Referendum costituzionale. Le ragioni del (mio) no

Referendum costituzionale. Le ragioni del (mio) no

di Massimo Greco

Non sarei onesto con me stesso se non dicessi che alcune delle disposizioni contenute nella proposta di riforma costituzionale sono serie, concrete e certamente utili al nostro Paese ma, al contempo, tradirei la mia vision della Carta Costituzionale se mi limitassi ad approvare l’intero “pacchetto” senza discriminare quelle parti (come la riforma del Senato) che, invero, rappresentano un vero e proprio pasticcio generato dalla maggioranza parlamentare, quest’ultima spinta solo dalla necessità d’impallidire una contesa tutta interna al partito democratico. A questo punto, non potendo accettare l’offerta – dal sapore poco costituzionale e tanto elettorale – attesa l’impossibilità tecnica di “spacchettare” la riforma, mi vedo costretto a votare “no” facendo tesoro di due autorevoli interventi che, peraltro, avrebbero dovuto fungere da faro ai nuovi costituenti. Piero Calamandrei e Temistocle Martines.

Così parlava l’On. Calamandrei (1947): “Io mi domando, onorevoli colleghi, come i nostri posteri tra cento anni giudicheranno questa nostra Assemblea Costituente: se la sentiranno alta e solenne come noi sentiamo oggi alta e solenne la Costituente Romana, dove un secolo fa sedeva e parlava Giuseppe Mazzini. Io credo di sì: credo che i nostri posteri sentiranno più di noi, tra un secolo, che da questa nostra Costituente è nata veramente una nuova storia: e si immagineranno, come sempre avviene che con l’andar dei secoli la storia si trasfiguri nella leggenda, che in questa nostra Assemblea, mentre si discuteva della nuova Costituzione Repubblicana, seduti su questi scranni non siamo stati noi, uomini effimeri di cui i nomi saranno cancellati e dimenticati, ma sia stato tutto un popolo di morti, di quei morti, che noi conosciamo ad uno ad uno, caduti nelle nostre file, nelle prigioni e sui patiboli, sui monti e nelle pianure, nelle steppe russe e nelle sabbie africane, nei mari e nei deserti, da Matteotti a Rosselli, da Amendola a Gramsci, fino ai giovinetti partigiani, fino al sacrificio di Anna-Maria Enriquez e di Tina Lorenzoni, nelle quali l’eroismo è giunto alla soglia della santità. Essi sono morti senza retorica, senza grandi frasi, con semplicità, come se si trattasse di un lavoro quotidiano da compiere: il grande lavoro che occorreva per restituire all’Italia libertà e dignità. Di questo lavoro si sono riservata la parte più dura e più difficile; quella di morire, di testimoniare con la resistenza e la morte la fede nella giustizia. A noi è rimasto un compito cento volte più agevole; quello di tradurre in leggi chiare, stabili e oneste il loro sogno: di una società più giusta e più umana, di una solidarietà di tutti gli uomini, alleati a debellare il dolore. Assai poco, in verità, chiedono a noi i nostri morti. Non dobbiamo tradirli”.
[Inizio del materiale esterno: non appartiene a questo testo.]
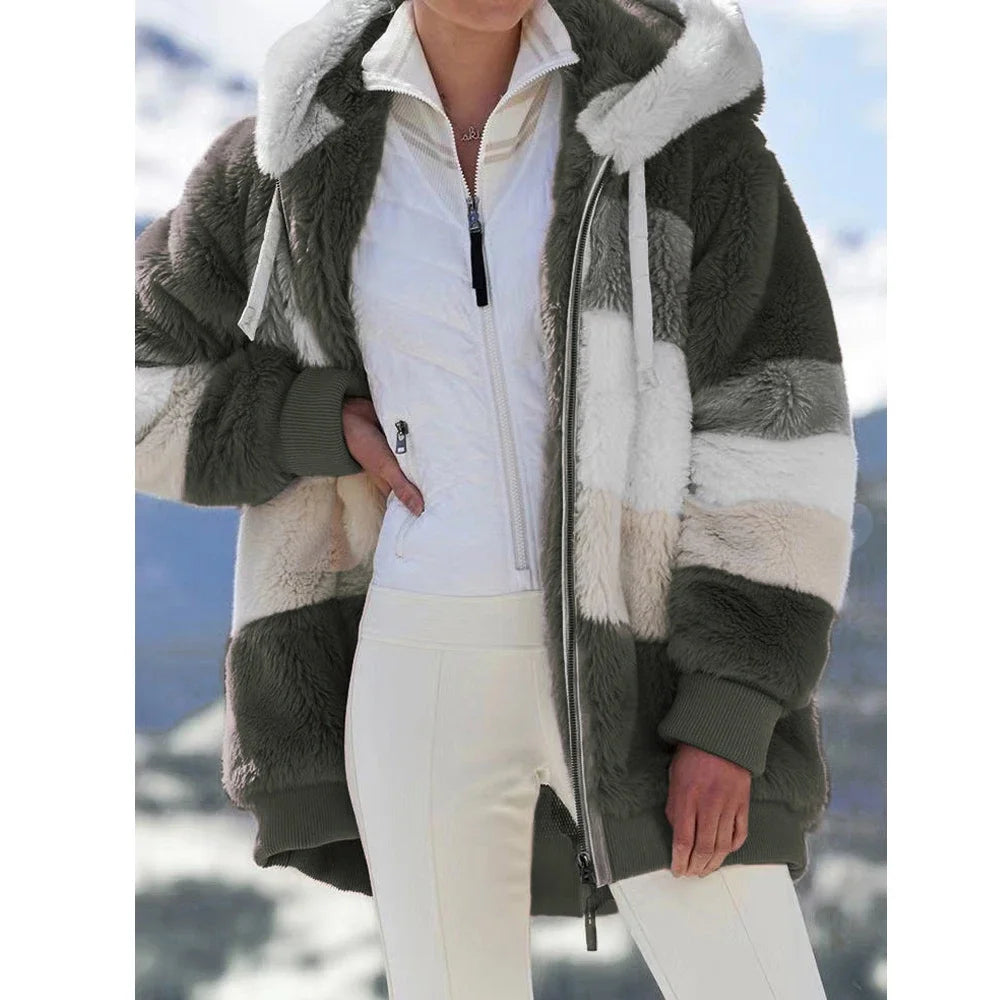 Women's Oversized color Block Hooded winter  Coat 2026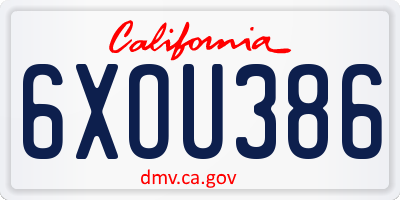 CA license plate 6XOU386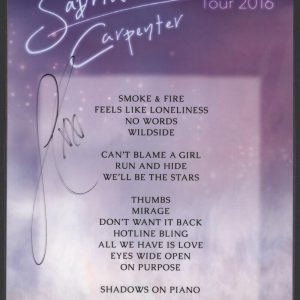 Sabrina Carpenter Signed Autograph 8.5x11 LAMINATED EVOLution Tour Set List JSA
Scriveva Martines più recentemente (1993): “Nell’ora del crepuscolo delle istituzioni, quando le nebbie dello smarrimento collettivo ed il buio del degrado civile, politico e morale si infittiscono sempre più, occorre levare, forte e decisa, la voce in difesa della Repubblica, di questa Repubblica e della sua Costituzione, che meritano di essere difese contro coloro i quali vorrebbero trasformarle, senza però avere ben chiaro quale potrebbe essere il futuro assetto dello Stato”. In sostanza, il timore del Professore, oggi più che mai attuale, era quello di scongiurare che le tensioni del sistema politico si riversassero sulle nuove Istituzioni, anche perchè le riteneva “nella maggior parte dei casi, un grosso alibi per i partiti che, incapaci di esprimere un indirizzo politico coerente e riconoscibile, nel proporle tentano di esorcizzare la loro crisi e di riversare sulla Costituzione il disfacimento dello Stato”.